It was a "Slow Show" kind of an evening that unfolded gradually.
"Racing Like a Pro" because of a last minute phone call from a friend seeking advice and an eleventh hour email from another seeking activity suggestions for him and a 21-year old, I barely made it on time.
Beginning on a "Brainy" note, a "Friend of Mine" met me at Chop Suey Books for Beth Macy's full house reading of "Truevine," about two albino black children stolen - not "Runaway" - from their mother and showcased in Ringling Brothers circus for 14 years until their mother's "Sorrow" led her to rescue them.
It's a wonder the poor things weren't "Afraid of Everyone."
From there, we moved on to a "Secret Meeting" in plain sight at Secco, where the volume was loud, we considered "Terrible Love," and ate well while drinking "All the Wine."
Or at least all the wine two people need while deep in conversation in "City Middle."
It was soon clear that "Baby, We'll Be Fine" eating spaghetti squash pancakes with harissa yogurt, sweet/salty Brussels sprouts with capers and candied pecans, PEI mussels with spicy sausage and a cheese plate of Midnight Moon, Ossau Iraty and prosciutto, matching glass for glass my Camprosso Gavi with "Mr. November's" Lopez de Heredia Temperanillo, although not to the point that we saw "Pink Rabbits."

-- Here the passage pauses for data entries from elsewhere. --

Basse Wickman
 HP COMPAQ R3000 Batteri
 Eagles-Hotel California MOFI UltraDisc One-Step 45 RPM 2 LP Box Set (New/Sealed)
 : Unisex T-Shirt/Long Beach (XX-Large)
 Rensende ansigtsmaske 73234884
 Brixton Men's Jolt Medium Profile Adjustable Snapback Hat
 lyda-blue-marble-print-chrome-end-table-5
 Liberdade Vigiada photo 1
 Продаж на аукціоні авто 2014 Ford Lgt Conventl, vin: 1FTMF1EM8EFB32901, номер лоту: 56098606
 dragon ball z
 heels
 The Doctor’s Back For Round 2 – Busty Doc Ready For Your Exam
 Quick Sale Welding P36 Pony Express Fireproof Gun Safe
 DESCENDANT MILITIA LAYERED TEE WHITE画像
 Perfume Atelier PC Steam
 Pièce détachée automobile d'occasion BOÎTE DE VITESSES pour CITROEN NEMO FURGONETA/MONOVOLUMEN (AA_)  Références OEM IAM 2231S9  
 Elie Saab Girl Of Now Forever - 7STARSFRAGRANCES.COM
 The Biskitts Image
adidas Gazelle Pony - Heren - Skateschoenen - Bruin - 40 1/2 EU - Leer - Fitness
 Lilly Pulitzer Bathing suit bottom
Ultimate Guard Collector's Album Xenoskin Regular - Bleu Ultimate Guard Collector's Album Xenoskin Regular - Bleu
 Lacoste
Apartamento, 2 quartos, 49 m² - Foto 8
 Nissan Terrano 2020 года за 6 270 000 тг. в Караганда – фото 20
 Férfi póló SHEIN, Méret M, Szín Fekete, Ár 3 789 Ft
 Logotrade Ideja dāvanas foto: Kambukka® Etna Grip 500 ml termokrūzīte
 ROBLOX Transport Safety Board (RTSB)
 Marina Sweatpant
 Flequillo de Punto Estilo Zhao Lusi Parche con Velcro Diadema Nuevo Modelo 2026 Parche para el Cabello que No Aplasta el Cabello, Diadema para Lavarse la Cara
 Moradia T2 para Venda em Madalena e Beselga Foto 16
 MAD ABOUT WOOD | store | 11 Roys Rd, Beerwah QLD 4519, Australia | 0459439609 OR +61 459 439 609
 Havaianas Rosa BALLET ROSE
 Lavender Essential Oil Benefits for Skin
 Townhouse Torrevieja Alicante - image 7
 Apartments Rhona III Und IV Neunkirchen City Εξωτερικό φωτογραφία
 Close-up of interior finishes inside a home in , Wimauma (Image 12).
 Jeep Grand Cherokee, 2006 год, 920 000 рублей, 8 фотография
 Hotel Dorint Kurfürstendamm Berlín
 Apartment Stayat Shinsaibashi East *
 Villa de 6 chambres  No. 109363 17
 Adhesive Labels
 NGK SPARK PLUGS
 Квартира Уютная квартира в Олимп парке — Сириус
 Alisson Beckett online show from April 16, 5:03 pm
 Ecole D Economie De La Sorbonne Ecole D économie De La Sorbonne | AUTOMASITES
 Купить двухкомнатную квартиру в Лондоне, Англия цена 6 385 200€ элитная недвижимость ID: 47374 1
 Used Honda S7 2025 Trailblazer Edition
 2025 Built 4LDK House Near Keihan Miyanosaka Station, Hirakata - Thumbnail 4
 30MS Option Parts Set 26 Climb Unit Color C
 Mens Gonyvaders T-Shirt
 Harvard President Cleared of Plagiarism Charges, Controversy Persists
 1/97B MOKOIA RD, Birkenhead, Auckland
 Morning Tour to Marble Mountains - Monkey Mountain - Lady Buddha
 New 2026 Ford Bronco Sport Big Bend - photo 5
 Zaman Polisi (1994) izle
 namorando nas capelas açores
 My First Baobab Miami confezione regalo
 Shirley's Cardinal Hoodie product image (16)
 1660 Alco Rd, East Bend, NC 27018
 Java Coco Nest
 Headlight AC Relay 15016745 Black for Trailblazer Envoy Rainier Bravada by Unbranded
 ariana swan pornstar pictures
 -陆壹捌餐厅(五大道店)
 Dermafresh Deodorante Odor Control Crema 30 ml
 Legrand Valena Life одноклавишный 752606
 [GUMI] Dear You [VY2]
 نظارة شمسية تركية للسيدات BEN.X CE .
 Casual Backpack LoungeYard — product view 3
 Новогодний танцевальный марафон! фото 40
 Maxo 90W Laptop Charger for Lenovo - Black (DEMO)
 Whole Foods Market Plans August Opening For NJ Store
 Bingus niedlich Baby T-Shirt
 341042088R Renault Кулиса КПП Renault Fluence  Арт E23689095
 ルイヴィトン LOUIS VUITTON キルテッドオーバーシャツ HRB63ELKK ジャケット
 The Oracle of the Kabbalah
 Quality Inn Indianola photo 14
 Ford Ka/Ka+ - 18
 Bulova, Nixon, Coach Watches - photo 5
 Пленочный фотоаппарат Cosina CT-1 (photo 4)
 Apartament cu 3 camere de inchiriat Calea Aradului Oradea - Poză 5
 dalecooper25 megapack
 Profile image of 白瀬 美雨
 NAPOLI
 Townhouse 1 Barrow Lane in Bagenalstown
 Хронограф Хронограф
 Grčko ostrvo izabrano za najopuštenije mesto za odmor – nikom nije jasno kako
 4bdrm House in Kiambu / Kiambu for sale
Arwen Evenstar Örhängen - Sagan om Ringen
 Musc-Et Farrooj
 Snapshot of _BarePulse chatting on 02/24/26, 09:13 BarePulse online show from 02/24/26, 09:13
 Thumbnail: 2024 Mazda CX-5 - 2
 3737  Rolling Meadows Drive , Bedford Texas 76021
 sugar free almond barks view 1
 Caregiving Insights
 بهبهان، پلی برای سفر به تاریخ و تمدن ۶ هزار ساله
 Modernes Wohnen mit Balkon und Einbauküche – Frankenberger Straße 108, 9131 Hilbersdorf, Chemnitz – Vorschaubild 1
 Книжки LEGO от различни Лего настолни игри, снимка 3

The hostess was kind enough to compliment my colorful skirt and our server and I discussed the "Graceless" post-election behavior of certain voters. Meanwhile, it wasn't "Hard to Find" reasons to linger discussing the "Gospel" of middle age, personal "Demons" and lessons learned.
Sharing a recent "Apartment Story " from my own life, we could hardly have been "Mistaken for Strangers," although in certain calendars, I show up by initials rather than as "Karen."
While not exactly "Lit Up," we didn't hesitate to pair chocolate mousse with glasses of Cesar Florido Moscatel, pictures of "Heavenfaced" mountains and enough "Conversation 16" to outlast most of the crowd.
Walking out, we saw that karaoke at Metro Grille was just getting cranked up. A smoker on the sidewalk exhorted us to come have a drink, pick a song and belt it out for strangers. I don't need that kind of "Humiliation," friend.
Far better to acknowledge revised standing with full(er) stories, despite living in a "Lemonworld." As to "Patterns of Fairytales," I think you can say that having "Little Faith" has its rewards.
Most importantly of all, no records were harmed ('though several were listened to) in the making of this blog post.